Submitted by Assigned_Reviewer_3
Q1: Comments to author(s). First provide a summary of the paper, and then address the following criteria: Quality, clarity, originality and significance. (For detailed reviewing guidelines, see http://nips.cc/PaperInformation/ReviewerInstructions)
This paper introduces a fast CCA algorithm for dealing with largescale data. Through exposing that CCA can be solved via iterative LS, a fast LS algorithm is naturally employed to speed up the CCA calculation. Error analysis for the proposed fast CCA algorithm is also provided. The experiments on largescale datasets evaluate and compare different fast CCA methods, which are comprehensive and convincing. The paper is well written and easy to follow.
One comment on this paper is that it is not clear which theoretical results are derived in this work and which are adopted from previous works. For example, the results in Theorem 2 are similar to the results in Lu & Foster, arxiv, 2014. So it is better to explain which theoretical results are developed in this work such that the contributions of this work are clearer.
Another comment is that a critical condition for the algorithmic convergence is that the singular values of C_{xy} should be different from each other, as stated in Theorem 1. Does this condition always hold in practice? If not, how will the results be affected?
Q2: Please summarize your review in 12 sentences
A well written and technically sound paper. Submitted by Assigned_Reviewer_38
Q1: Comments to author(s). First provide a summary of the paper, and then address the following criteria: Quality, clarity, originality and significance. (For detailed reviewing guidelines, see http://nips.cc/PaperInformation/ReviewerInstructions)

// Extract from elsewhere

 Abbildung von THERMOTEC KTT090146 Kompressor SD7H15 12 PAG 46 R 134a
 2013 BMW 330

This paper presents an efficient solution to canonical correlation analysis (CCA). CCA is widely used in many data analysis applications, and the authors are motivated from the computational challenges of CCA, that it is slow in solving the eigenvalue problem of CCA when the matrices are huge.

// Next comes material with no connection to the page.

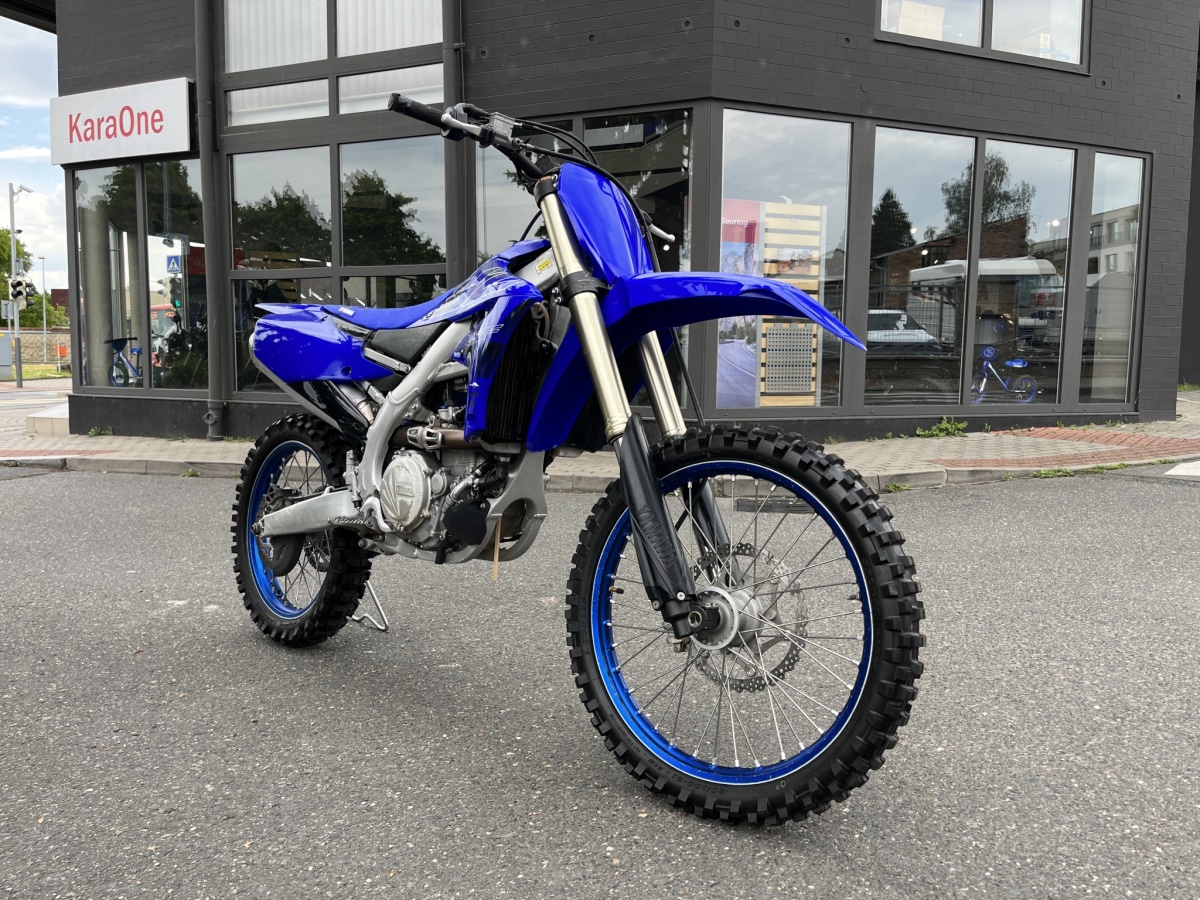 YZ450F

The authors propose a gradient based method for addressing the challenges for computing CCA solutions. They proposed a method called LING which is a gradient based method for approximately solving CCA. The method works by performing iterative gradient steps, and QR decomposition to improve numerical stability. The proposed method is demonstrated to work well on real datasets, and the authors also provided theoretical analysis to the proposed method.
In general, this is a paper worth taking, and has solved a real practical challenge. Q2: Please summarize your review in 12 sentences
This paper presents a scalable solution to CCA, with theoretical and experimental evidence supporting the advantage of the method. Submitted by Assigned_Reviewer_46
Q1: Comments to author(s). First provide a summary of the paper, and then address the following criteria: Quality, clarity, originality and significance. (For detailed reviewing guidelines, see http://nips.cc/PaperInformation/ReviewerInstructions)
I acknowledge having read the authors' feedback. Given the clarification on the novelty aspects, I still feel that the technical contributions are minor even though the eventual algorithm is both useful and interesting. The authors claim Section 2.3 and Algortihm 1 to be novel, but several alternating algorithms for solving CCA via linear regression have been presented before (I did not mention these in the original review because I assumed Section 2 to be considered as background). Besides [20] and [22], for example Dehon, Filzmoser and Croux ("Robust methods for canonical correlation analysis", 2000), and Lykou and Whittaker ("Sparse CCA using a Lasso with positivity constraints", 2010) have in recent years presented CCA algorithms based on such derivation, citing earlier works from the 60s and 70s to motivate the reformulation. I did not check whether all of the details are identical, but at least the relationship between the proposed algorithm and these earlier alternating LS derivations should be discussed in detail, so that readers would be able to see the novelty. If the details are the same, 2.3 cannot be considered novel.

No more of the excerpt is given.